At the Virginia school of political economy, an important constellation of libertarian ideas developed in dialogue with antidemocratic projects of the Jim Crow South.

MacLean traces the transit of this school of thought from the academic work of economist James M. Buchanan to political power by way of Charles Koch’s influence. Her meticulous research in forty-two archival collections—including Buchanan’s own papers—is indispensable reading. For historians, it adds a critical storyline to the complex and multi-causal conservative counterrevolution. For anyone disoriented by the unrelenting assaults on political institutions, it illuminates a massively leveraged ideology that embraces this outcome as a positive good.

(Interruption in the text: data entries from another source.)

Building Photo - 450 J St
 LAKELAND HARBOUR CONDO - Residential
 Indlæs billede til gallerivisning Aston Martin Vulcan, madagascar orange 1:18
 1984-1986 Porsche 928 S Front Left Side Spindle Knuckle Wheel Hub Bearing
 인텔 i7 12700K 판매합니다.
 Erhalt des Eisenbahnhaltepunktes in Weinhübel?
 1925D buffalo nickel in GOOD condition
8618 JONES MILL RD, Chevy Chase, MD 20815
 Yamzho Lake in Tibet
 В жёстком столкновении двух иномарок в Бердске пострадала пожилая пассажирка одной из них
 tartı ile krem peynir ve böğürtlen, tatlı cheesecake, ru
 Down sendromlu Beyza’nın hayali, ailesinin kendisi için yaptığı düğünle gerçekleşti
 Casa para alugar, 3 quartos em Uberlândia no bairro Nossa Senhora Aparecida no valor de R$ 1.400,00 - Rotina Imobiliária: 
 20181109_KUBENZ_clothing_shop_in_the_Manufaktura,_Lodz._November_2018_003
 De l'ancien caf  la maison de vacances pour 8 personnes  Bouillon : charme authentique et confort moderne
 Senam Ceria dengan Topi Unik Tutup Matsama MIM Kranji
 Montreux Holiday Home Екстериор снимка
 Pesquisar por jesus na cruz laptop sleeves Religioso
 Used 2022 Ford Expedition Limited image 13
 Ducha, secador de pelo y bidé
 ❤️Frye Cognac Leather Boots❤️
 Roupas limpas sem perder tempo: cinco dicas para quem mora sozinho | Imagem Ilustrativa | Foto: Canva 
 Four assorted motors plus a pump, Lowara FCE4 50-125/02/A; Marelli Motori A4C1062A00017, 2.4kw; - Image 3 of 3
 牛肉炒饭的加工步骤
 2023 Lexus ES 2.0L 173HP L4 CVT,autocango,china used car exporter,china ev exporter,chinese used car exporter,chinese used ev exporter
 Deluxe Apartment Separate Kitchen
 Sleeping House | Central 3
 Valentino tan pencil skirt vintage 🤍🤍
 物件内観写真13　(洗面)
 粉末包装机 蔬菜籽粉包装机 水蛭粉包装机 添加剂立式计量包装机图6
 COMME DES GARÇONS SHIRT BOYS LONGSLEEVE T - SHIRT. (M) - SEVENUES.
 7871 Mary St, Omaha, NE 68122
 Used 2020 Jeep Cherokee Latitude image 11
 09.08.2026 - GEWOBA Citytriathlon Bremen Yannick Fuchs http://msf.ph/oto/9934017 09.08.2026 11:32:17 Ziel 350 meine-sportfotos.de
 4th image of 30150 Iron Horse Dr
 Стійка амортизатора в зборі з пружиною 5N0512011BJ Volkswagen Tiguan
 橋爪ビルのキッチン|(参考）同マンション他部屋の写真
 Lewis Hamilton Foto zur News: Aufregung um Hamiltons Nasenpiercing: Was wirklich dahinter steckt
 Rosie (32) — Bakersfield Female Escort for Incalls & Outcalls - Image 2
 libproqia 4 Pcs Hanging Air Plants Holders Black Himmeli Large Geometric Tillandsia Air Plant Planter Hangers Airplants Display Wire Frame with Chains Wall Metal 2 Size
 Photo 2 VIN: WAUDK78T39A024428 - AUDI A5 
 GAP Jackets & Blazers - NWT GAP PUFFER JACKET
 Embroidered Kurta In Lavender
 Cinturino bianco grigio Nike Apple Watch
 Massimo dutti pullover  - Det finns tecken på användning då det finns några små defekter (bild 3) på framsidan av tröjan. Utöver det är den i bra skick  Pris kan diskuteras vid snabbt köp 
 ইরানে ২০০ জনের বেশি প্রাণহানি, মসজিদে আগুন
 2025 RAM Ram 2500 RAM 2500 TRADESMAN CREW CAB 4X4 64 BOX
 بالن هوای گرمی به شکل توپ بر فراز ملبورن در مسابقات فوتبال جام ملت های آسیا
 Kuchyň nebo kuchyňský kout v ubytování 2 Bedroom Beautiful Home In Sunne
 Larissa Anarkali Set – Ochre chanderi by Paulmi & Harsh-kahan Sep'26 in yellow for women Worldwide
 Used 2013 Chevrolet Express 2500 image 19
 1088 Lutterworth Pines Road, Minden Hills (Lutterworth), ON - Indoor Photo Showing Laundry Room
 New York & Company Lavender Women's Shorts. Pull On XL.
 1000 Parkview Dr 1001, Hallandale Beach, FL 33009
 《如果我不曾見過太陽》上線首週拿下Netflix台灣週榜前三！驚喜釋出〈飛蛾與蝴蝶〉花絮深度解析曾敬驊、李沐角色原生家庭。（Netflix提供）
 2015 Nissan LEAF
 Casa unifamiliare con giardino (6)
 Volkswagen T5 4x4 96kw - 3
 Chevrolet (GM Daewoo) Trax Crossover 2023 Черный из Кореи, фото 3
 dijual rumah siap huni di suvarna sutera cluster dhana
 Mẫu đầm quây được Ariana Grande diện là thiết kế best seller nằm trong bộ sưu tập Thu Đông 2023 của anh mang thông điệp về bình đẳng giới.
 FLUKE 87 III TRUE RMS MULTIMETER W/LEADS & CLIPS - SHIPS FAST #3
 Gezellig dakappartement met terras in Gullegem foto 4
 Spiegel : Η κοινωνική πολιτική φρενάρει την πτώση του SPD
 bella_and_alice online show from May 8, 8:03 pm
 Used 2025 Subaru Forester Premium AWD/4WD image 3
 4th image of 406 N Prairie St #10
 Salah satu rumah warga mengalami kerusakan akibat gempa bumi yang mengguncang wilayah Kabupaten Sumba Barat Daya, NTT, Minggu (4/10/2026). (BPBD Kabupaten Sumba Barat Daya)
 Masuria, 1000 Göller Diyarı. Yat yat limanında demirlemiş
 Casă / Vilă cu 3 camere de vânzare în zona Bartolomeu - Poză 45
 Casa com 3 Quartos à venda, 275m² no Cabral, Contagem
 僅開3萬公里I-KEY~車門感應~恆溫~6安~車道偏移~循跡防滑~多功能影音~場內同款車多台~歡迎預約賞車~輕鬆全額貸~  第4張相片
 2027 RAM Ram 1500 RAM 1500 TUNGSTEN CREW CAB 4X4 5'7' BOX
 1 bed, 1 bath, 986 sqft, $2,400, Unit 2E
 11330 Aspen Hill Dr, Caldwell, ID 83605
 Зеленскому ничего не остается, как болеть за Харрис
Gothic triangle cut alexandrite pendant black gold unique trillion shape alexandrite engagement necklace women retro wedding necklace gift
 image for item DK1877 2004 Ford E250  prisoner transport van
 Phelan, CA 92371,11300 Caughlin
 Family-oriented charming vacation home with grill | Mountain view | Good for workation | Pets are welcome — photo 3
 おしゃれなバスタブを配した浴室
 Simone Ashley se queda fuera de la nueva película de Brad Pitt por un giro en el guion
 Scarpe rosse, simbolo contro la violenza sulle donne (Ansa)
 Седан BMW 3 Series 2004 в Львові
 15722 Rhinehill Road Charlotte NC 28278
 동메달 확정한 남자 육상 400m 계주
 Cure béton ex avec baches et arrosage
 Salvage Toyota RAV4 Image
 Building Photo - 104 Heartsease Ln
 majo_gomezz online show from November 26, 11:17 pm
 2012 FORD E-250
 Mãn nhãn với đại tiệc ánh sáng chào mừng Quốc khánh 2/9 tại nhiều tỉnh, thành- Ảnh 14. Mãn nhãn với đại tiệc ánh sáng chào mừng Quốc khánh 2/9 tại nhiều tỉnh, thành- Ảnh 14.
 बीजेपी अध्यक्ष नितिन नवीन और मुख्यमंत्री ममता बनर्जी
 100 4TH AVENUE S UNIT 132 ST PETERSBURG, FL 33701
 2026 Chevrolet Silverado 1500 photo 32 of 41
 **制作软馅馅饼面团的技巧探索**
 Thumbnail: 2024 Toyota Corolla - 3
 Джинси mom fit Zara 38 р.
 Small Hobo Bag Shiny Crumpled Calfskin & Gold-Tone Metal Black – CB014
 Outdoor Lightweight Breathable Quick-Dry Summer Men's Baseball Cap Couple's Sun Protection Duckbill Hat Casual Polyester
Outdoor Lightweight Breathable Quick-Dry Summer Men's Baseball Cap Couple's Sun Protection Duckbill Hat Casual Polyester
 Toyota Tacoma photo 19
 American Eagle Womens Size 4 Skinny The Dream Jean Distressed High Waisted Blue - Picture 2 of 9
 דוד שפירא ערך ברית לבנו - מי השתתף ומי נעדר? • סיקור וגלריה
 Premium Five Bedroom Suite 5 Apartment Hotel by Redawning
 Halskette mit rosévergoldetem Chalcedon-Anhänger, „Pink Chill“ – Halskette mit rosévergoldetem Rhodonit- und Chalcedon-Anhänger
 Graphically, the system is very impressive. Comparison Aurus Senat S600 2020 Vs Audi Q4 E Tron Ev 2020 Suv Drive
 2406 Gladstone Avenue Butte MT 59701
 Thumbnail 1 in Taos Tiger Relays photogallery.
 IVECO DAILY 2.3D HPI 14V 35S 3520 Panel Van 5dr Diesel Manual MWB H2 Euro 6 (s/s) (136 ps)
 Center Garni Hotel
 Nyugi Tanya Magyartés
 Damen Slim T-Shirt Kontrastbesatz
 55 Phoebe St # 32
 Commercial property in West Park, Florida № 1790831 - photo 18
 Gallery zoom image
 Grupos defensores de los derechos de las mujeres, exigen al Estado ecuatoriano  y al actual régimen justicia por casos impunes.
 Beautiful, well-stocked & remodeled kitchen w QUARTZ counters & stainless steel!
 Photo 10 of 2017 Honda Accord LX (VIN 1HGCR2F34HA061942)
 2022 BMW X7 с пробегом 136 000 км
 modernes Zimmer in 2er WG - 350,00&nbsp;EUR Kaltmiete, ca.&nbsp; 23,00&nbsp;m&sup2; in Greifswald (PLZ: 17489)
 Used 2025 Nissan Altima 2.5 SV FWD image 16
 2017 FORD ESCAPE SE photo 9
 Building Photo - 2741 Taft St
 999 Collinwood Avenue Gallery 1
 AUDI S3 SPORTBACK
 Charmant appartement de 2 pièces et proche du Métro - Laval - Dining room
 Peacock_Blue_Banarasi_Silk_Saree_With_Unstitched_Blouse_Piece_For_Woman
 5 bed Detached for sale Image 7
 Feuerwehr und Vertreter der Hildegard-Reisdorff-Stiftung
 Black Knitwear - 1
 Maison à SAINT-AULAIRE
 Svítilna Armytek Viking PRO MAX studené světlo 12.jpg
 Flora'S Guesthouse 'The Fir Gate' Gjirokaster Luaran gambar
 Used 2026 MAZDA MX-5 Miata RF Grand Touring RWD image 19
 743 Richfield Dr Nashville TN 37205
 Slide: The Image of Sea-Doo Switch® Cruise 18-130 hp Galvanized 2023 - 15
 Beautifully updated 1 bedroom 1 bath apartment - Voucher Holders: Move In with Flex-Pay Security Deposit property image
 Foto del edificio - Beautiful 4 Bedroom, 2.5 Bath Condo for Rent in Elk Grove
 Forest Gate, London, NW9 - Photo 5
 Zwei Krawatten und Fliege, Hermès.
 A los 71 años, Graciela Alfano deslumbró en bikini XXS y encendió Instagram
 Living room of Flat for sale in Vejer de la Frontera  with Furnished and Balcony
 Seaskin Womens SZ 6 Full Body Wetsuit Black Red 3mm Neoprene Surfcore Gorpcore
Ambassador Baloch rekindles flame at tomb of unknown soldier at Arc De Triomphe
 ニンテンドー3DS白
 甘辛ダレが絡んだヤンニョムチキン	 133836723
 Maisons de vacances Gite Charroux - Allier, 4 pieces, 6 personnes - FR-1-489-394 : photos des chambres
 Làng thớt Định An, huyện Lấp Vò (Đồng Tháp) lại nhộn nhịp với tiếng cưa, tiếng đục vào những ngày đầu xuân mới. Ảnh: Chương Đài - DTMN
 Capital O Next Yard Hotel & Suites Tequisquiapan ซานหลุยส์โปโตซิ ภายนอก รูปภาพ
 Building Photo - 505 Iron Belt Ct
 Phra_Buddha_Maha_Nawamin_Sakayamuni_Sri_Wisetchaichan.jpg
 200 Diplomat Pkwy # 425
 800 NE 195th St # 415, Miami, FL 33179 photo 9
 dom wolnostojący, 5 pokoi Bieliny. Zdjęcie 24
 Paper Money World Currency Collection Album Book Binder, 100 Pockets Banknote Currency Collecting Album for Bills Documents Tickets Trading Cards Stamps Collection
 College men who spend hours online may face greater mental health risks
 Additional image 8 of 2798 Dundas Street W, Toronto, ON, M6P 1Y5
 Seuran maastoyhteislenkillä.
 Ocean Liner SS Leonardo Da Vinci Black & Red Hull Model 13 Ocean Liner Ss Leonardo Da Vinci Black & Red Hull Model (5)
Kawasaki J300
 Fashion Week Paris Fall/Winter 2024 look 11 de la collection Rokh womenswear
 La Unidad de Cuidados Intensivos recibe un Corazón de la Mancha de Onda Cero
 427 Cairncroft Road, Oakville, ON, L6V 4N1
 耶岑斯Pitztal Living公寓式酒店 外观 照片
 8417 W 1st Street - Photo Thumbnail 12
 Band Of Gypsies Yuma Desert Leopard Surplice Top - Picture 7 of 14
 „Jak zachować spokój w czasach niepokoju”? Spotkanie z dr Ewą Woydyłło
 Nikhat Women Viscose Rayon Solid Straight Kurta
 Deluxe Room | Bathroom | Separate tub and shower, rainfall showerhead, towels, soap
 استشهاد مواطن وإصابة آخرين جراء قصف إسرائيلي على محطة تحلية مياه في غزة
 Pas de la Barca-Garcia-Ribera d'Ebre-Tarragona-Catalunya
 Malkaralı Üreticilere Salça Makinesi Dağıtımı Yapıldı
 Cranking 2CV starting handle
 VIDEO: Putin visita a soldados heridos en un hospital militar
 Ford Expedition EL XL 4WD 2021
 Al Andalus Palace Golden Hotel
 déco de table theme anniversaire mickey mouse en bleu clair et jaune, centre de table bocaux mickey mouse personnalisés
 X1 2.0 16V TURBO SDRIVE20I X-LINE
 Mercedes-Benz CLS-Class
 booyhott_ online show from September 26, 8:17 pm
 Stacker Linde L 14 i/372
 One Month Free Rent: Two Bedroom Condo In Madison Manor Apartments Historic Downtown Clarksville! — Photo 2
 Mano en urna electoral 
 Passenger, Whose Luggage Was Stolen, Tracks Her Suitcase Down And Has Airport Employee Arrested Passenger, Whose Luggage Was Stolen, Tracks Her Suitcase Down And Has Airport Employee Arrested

MacLean’s is the first full-length historical narrative to ground Buchanan’s Virginia School of political economy, which ranks alongside better-known neoliberal schools of thought like the Chicago School—think Milton Friedman—and its cosmopolitan progenitor, the Austrian School grounded by F.A. Hayek and Ludwig von Mises. The Virginia School followed Buchanan—first at the University of Virginia, then Virginia Polytechnic, and finally George Mason University—and MacLean shows how this important constellation of libertarian ideas developed in dialogue with antidemocratic projects of the Jim Crow South. MacLean’s illuminating book therefore belongs on the growing shelf of works that clothe the neoliberal intellectual apparatus in three-dimensional historical specificity, books like S.M. Amadae’s Rationalizing Capitalist Democracy (blurbed by Buchanan himself) and Prisoners of Reason; Melinda Cooper’s Family Values; Donald MacKenzie’s An Engine, Not a Camera; Philip Mirowski’s Machine Dreams and Never Let a Serious Crisis Go to Waste; and Jamie Peck’s Constructions of Neoliberal Reason.

MacLean’s first chapters recontextualize the Virginia School’s signature theories: public choice, which uses economic tools to address political decision-making; and constitutional economics, which applies economic tools to constitutional matters. Later chapters relate the “eventual merger of Koch’s money and managerial talent and the Buchanan team’s decades of work monomaniacally identifying how the populace became more powerful than the propertied.” The recent “shock-and-awe”-style state legislative assaults on everything from education to voting rights, MacLean argues, are not isolated spasms of authentic populist anger against government. This is rather an organized project of “dismantling the state step by step,” as one Koch-backed intellectual explains, “privatizing one function after the other, selling each move as justified for its own sake rather than waiting until the majority of the population is convinced of the case for a libertarian utopia.”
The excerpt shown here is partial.